We have to take moments for what they are
Today — maybe right now, as you’re reading this — my big brother is getting married, and I’m gaining a sister, whom we’re so excited to have as a part of our family.
A little over a year ago, the two of them got engaged on a beach not far from their home in Florida. My parents and I knew the plan was in the works, but we were surprised to get a random Facetime call and see the ring on her finger.
The date of the wedding — today — had been picked out before the engagement even happened, as the bride said she wanted to get married on her golden birthday — meaning she turned 26 on the 26th.
From there, the wedding planning was full steam ahead, with just about a year to get everything done.
But, a month or so after their engagement, I got a job here at The News, so I picked up and moved and helped with wedding planning as best I could from afar.
Soon enough, I started writing these columns, and, each week, I shared them on Facebook for my friends and family to read and hopefully enjoy.
It was then that the bride approached me, asking if I would write something to read during the wedding ceremony. As her bridesmaid and soon-to-be sister-in-law, I couldn’t say no — not that I would’ve, anyway.
So, for nearly a year, I was tasked with putting something together to read for the ceremony. But procrastination took over and plenty of other wedding plans, bachelorette trips, wedding showers, etc., distracted me from what I needed to do.
A few weeks ago, I forced myself to sit down and write the passage.
With a little inspiration from TikTok videos of other people getting married, I began to write. I picked up a pen, imagined my brother and now-sister-in-law just being themselves together, and the words and ideas just kept flowing.
In my head, I could see them laughing and smiling with each other. I could see the way they bickered and my brother’s grin that would make her roll her eyes and they’d go back to smiling with each other again.
Their love has always been evident, but I’m excited to say that today it is vowed.
But, anyway, as I was brainstorming, writing, crossing things out, and trying again, I found parts of the message were quite broad, in the sense that they could be applied to any time in our lives.
I started by saying that there aren’t many days in your life that, while they’re happening, you can point at and say it will be one of the greatest days of your life. We get a handful of those days, and I think we need to be more aware of them to stay in that moment as long as we can.
I noted that times get tough and that marriages — and life in general — aren’t perfect. You’ll have bad days mixed in with the good. You’ll have days that feel a bit empty while others are overflowing with love.
Through the difficult days, it can often be hard to see the light at the end of the tunnel, but we have to remember that it’s there. Maybe we’ll even have someone to help guide us out.

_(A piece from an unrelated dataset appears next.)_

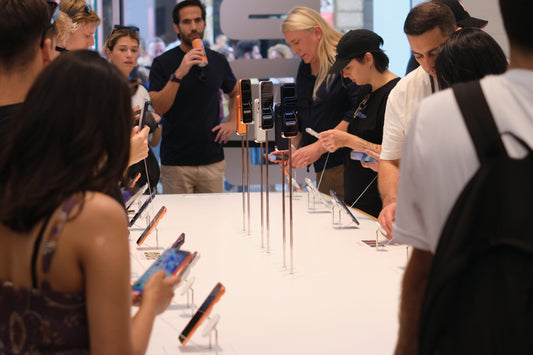 People examining smartphones displayed on a table.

I moved on by inviting them to look around, to look at each face in attendance. Not only do the people there love them unconditionally, but they are a witness to that greatest day. Yes, they’re seeing the bride and groom at their happiest, but each friend and family member is there for them and loves them at their lowest, as well.
I added a bit of sappiness by asking them to look back at one another to see that, though the people in the audience love them most, the person in front of them loves them more.
For each person in our lives that we love, we need to cherish our time with them and appreciate them while we can. I mentioned that those who couldn’t be in attendance were still there in spirit, watching over the ceremony, and keeping everyone safe.
I sprinkled in some sentences about love, vows, rings, and a kiss, but I like to think the synopsis of it can apply to all of us.
We need to take each day as it comes, face it with those who are willing to stand at our sides through thick and thin, and know that, even when we’re feeling alone, we never truly are. We need to appreciate what we have and remember to take in each moment for what it is.